In a cautionary notice sent to the NSE, KenolKobil said the main shareholders had signed an exclusive agreement with Puma Energy for sale of the majority stake in the publicly listed company.

“Until details of the takeover are made clear, the regulator can suspend shares under section 22(b) of the Capital Markets Securities regulation,” said Carol Karugu Investor Relations and Communications Manager for the NSE.

The provision allows the Capital Markets Authority (CMA) to suspend trading if a listed company has a significant restructuring involving the listed securities such as in the process of acquisition, mergers or takeovers.

KenolKobil’s stock was stopped on Tuesday, but the NSE had said trading would resume on Wednesday.

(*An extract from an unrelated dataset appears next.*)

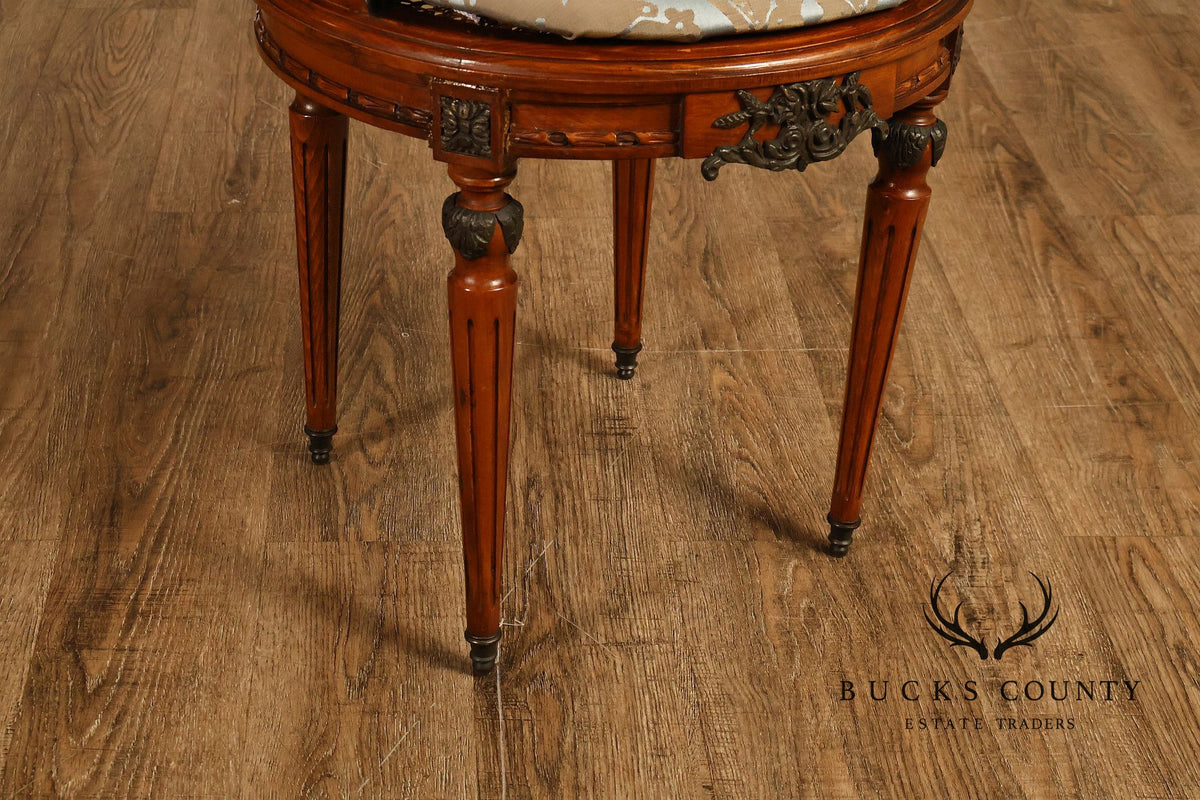 French Louis XVI Style Vintage Set Of 12 Caned Dining Chairs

Trading in the shares was then subsequently put off indefinitely.

The oil marketer’s valuation for March 2012 stood at Sh17.00, which slipped to Monday’s price of Sh12.70.

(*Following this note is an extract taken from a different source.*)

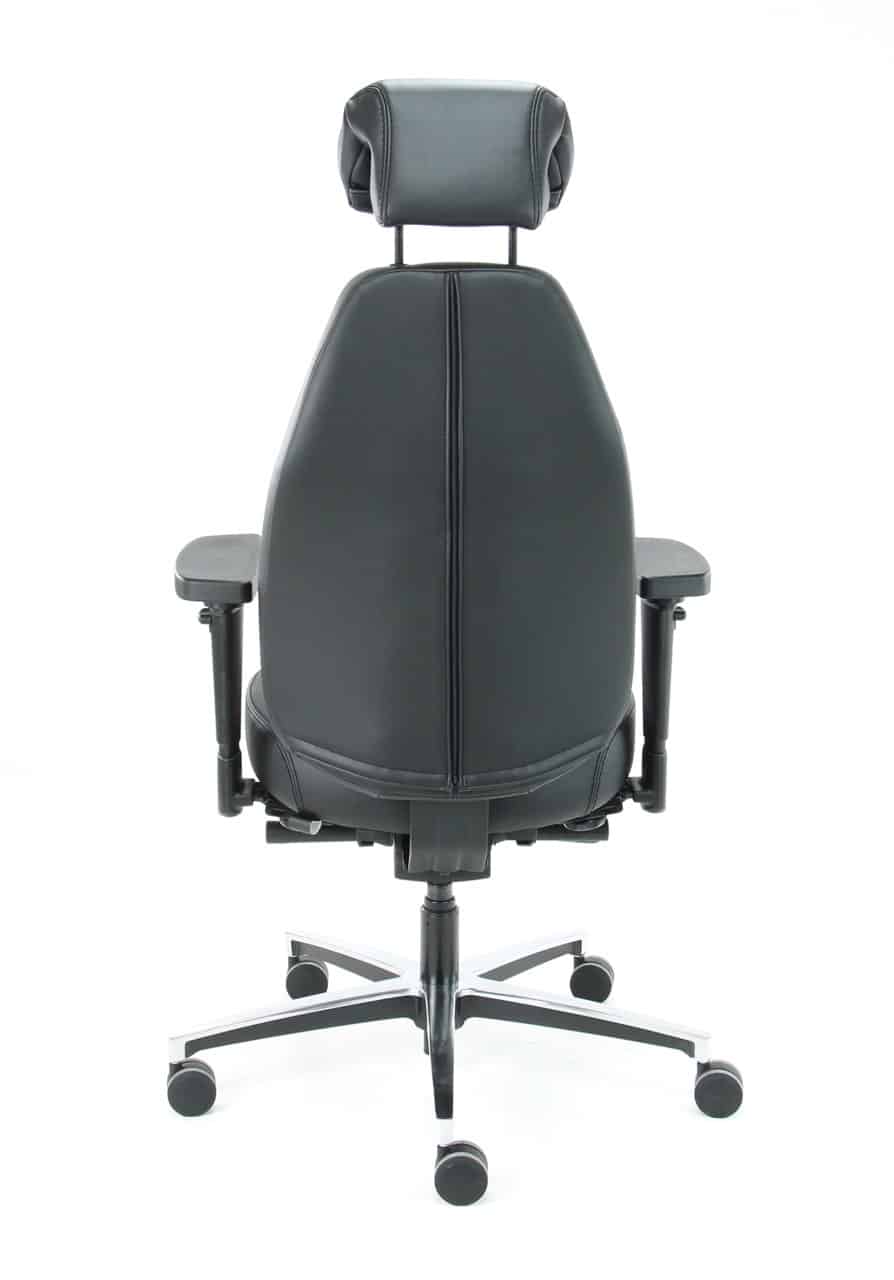 Bureaustoel Therapod X Hr In Stamskin Zwart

Analysts from Standard Investment Bank Research Department estimate the shares on offer to Puma Energy represent between 60 to 70 percent of total issued shares.

“Pinpointing the exact amount remains a challenge due to fragmentation of ownership across the top five shareholders, though the single largest shareholder has a 24.91 percent stake, it is widely believed that the top four holders with a combined 61.8 percent stake are affiliated,” they added.

Puma Energy is a subsidiary of Trafigura, the third largest petroleum trading company in the world which has interests in oil, coal and shipping among others.

Puma Energy is already operating in a number of countries in Sub Saharan Africa where it is trading in the middle and downstream markets.

If Puma is successful in acquiring KenolKobil that has a strong presence in East and Central Africa, it will add another 400 stations and 10 countries to its operations portfolio.